There doesn’t need to be anything “New Age” about a psychedelic mushroom experience. You don’t necessarily have to build a completely new foundation. Maybe just reinforce it a bit and fill in the cracks in the concrete, or perhaps dig a little of the quicksand out from underneath it and backfill it with solid stone.
It all depends on your background and how you got here. Your experiences are uniquely beautiful. Value them; don’t fear them.
But here’s the catch: oftentimes with that strong foundation, you may have a building on it that either doesn’t suit the foundation (i.e., too heavy, wrong footprint, etc.) or is a weather-worn shack of questionable structural integrity. Do you spend the time and effort renovating? Or do you tear it down or move it to the back lot on the property to be dealt with later? That is a deeply personal and spiritual question and depends a lot on where you are on your very personal spiritual journey.
Experts and Beginners Welcome
Whether you are a beginner or expert in spiritual exploration or introspection, you are welcome. We all have the work to do and sometimes we need a safe place with a new perspective to catalyze our growth or to give us a new perspective.
It’s amazing how much the master can learn from the apprentice and how much we can learn about ourselves and our craft by sharing knowledge with others. Humans were meant to work together in a community.
Thought Exercise / Trip Prep Tip
Before booking a retreat or while preparing for it, do a self-inventory of what your foundation is. Don’t look first to what you want to destroy and rebuild, but look to what you have. Your experience and the skills that experience generated. And be grateful for those experiences.

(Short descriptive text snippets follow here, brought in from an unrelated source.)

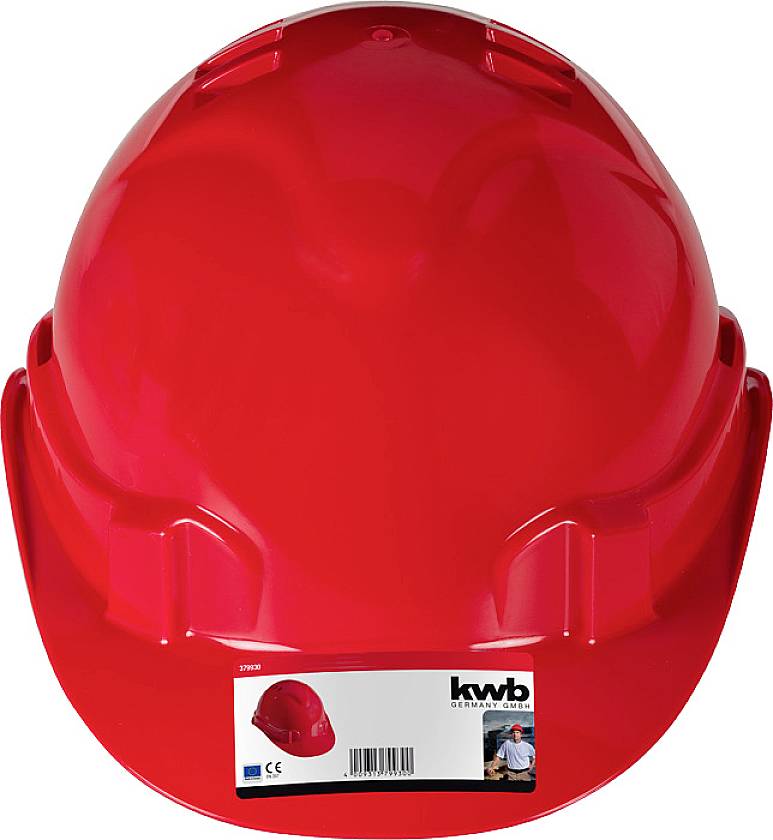 Un casque de chantier rouge avec une étiquette indiquant 'kwb Casque de protection'. Le casque est utilisé à des fins de sécurité sur les chantiers de construction.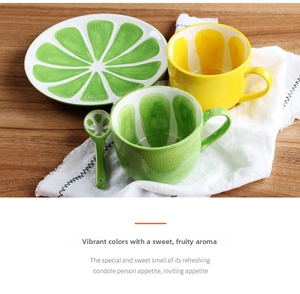 Detailed view of lime pattern ceramic plate and colorful fruit-themed mugs with matching spoon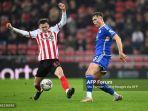 Chris-Rigg-vs-Callum-Doyle-di-Championship-Sunderland-vs-Leicester-City.jpg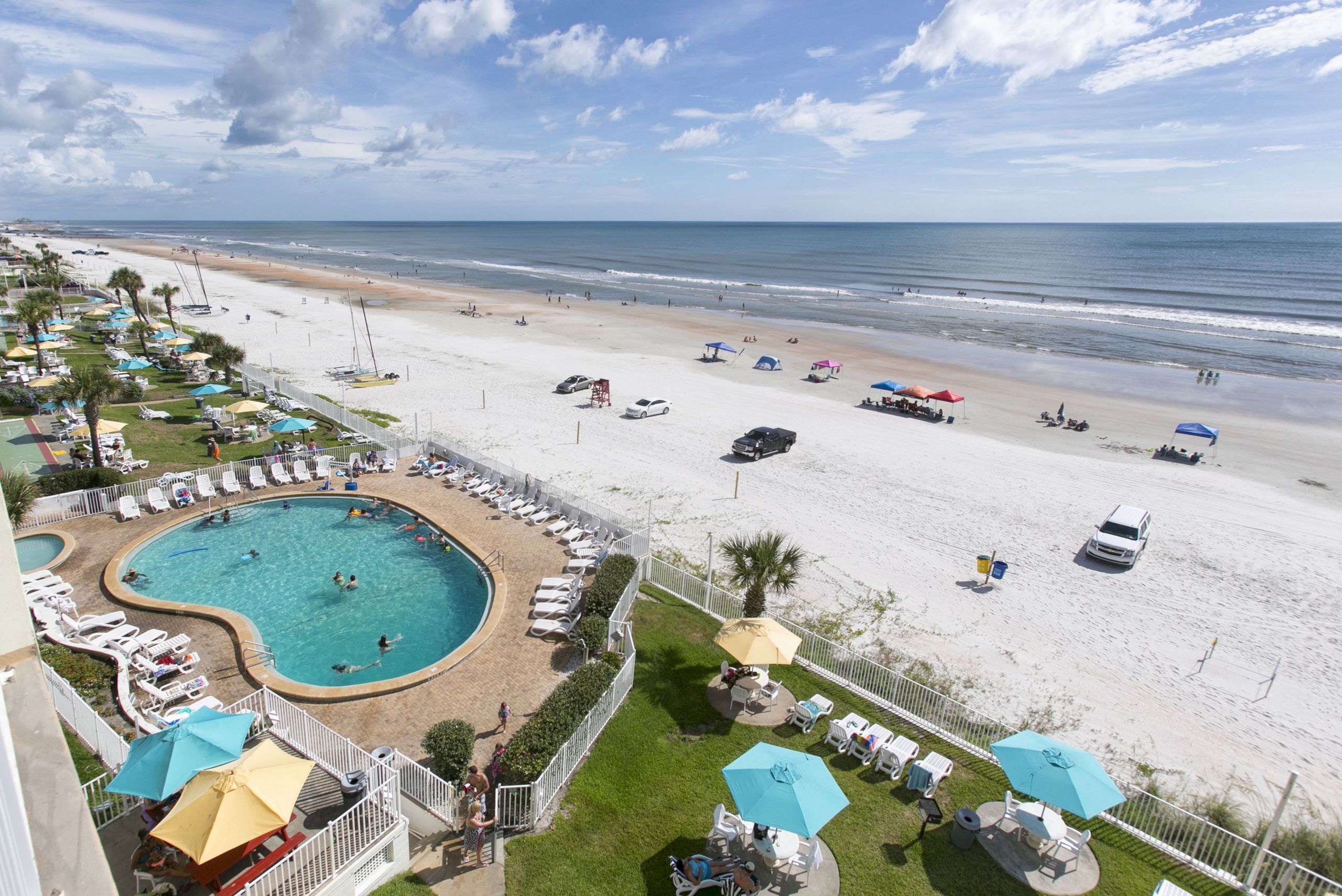 An aerial view of a beachfront resort with a pool, lounge chairs, and palm trees.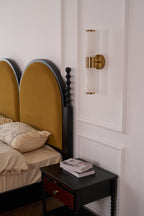 Switched-off Clérachic wall light on a white panelled wall, with two arched mustard headboards and a black nightstand below.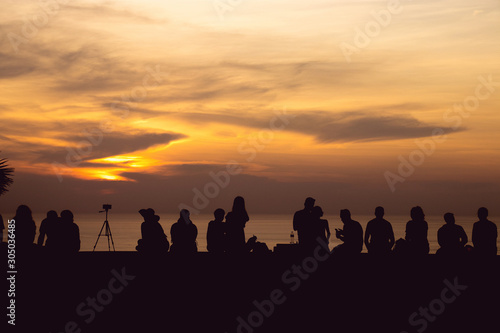 silhouette group of people sitting look at sunset light with orange sky at Phuket, Thailand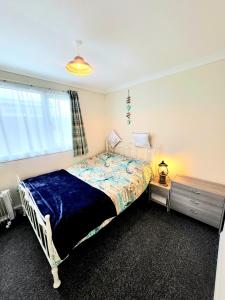 a bedroom with a bed and a window at Holiday Chalet no289 in Withernsea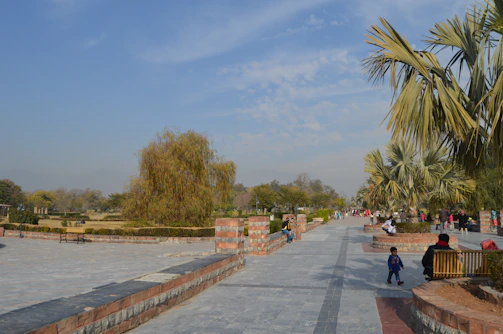 Rhina Valentín walking through a lush city park with diverse visitors enjoying the greenery.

Did you grow up playing chess? Team sports? A dedicated worker? Are you compassionate? Kind? A strategic thinker? Do you love to learn? What are your skills? Are you a communicator? Are you strong?
Don’t get discouraged if you are not at a place to be grateful for your strengths. They are there but you might be in a personal place where you are not yet ready or willing to love yourself and acknowledge them.

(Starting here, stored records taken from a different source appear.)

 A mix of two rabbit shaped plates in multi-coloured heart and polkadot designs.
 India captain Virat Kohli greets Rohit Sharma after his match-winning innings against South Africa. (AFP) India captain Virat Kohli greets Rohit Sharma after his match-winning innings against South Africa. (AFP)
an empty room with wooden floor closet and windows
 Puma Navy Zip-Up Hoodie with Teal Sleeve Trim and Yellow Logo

So….let’s start here: Do you know how to make your bed? Wake up and mindfully stretch the sheets over the four corners.
Watch the cotton fibers stretch. Be grateful to the manufacturer of that piece of material and ponder the supply chain that it took to get it to you. Be grateful to your ancestors who figured out the power of fibrous plants. Take each action with intention. Do not let your subconscious mind make your bed rotely. Intentionally ponder your hand movements. Look at the finger dexterity required to handle the corners of the form-fitting sheet. Then when you are done, know that you accomplished something already. Be grateful for that and look forward to rewarding yourself at the end of the day with a comfortable place to close your eyes.